= Bob McAdorey =

Canadian broadcaster

Robert Joseph McAdorey (July 24, 1935 – February 5, 2005) was a Canadian television and radio broadcaster, most noted for his roles as a radio DJ for Toronto radio station CHUM in the 1960s, and as an entertainment reporter for the Global Television Network in the 1980s and 1990s.

==Background==
McAdorey was born and raised in Niagara Falls, Ontario. He attended Stamford Collegiate, where as a Catholic he was one of just two students exempted from the Protestant school's religious classes, alongside the Jewish Barbara Frum. He got his start in broadcasting with local radio station CHVC as a copywriter and advertising announcer.

While at CHVC, his quick thinking salvaged a Christmas broadcast that was going awry; the announcer playing Santa Claus was drunk and behaving obnoxiously, to the point that the actress playing Mrs. Claus was refusing to work with him, and McAdorey immediately jumped in to play "Sammy Snowflake" so that Santa could be pulled off the air. Within a few weeks, he was the station's new on-air morning host.

He subsequently worked in various other media markets including Dawson Creek, British Columbia, and Guelph, Ontario. While in Guelph, he also served a two-year term on Guelph City Council.

In his early career he was often described as looking like Buddy Holly, while as he aged he was occasionally mistaken in public for Kenneth D. Taylor.

==CHUM==
McAdorey joined CHUM in 1961 as the afternoon host and program director. In this role, he became one of the most influential radio personalities in all of Canada in the era, with the Toronto Telegram writing in 1966 that "Bob McAdorey, whose face is as well known in Toronto as Mayor Givens, has the most power to dictate what pop music Ontario teens listen to."
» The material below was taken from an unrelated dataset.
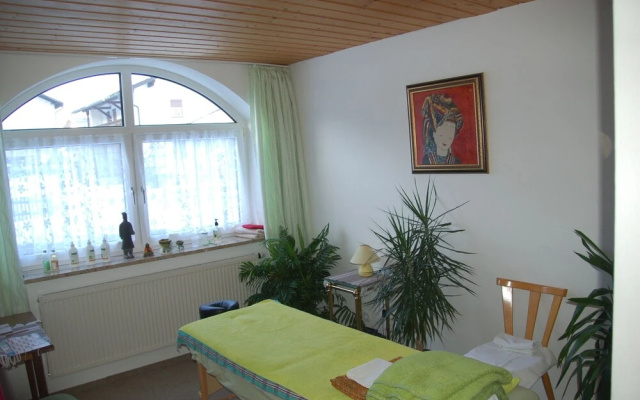 Pension Bayerwald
McAdorey and his CHUM colleagues Mike Darow, John Spragge and Garry Ferrier sometimes performed together as a pop vocal quartet called The CHUMingbirds, who recorded the single "Brotherhood of Man" for release on Quality Records in 1964. In this era, he was also the host of the teen dance show Hi Time on CFTO.

When the station moved to a more strictly formatted, less personality-centred sound in 1968, McAdorey left the station, and later worked at CFGM and CFTR.

==Television career==
McAdorey joined the fledgling Global Television Network in Ontario in 1976 on contract producing humorous pieces for Global's newscast, and hosted a late-night satirical news commentary show, Mac, from 1979 to 1980.

Beginning in 1981 he appeared as co-anchor with John Dawe and Mike Anscombe of the station's News at Noon. The show's concept was to reinvent the idea of a noon-hour newscast, adding entertainment and lifestyle features instead of just rehashing the headlines; by 1983 the show was being hailed for its "three nice guys" vibe and was attracting unusually strong ratings for a noon-hour newscast. McAdorey was briefly fired from the station in 1983 for filing a report which management deemed inappropriately humorous and unprofessional, but was hired back within days after many of the station's viewers called and wrote letters in protest. He was also a contributor to the station's other newscasts as an entertainment reporter.

From 1991 to 1997 he also hosted Entertainment Desk, a half-hour daytime entertainment news show. In 1995, when Stamford Collegiate launched a new media production program, it named a production studio in honour of McAdorey, alongside facilities named in honour of Frum and another famous alumnus, James Cameron. In late 1996 he was forced to take a medical leave of absence for several weeks after suffering a head injury in a fall.

In July 2000, he retired, against his wishes, from Global due to the station's policy at the time of mandatory retirement at 65.

McAdorey returned briefly in 2001 to give movie reviews, but spent most of his final years in Niagara-on-the-Lake, Ontario.

==Death==
In February 2005, he died in a hospital in St. Catharines, Ontario after a prolonged illness, at the age of 69.

He had one daughter, Colleen, who was married to McAdorey's television colleague Jim Tatti. His wife Willa, and two other children, predeceased him.

He was also the uncle of Michelle McAdorey, a singer and songwriter who led the band Crash Vegas in the 1980s and 1990s.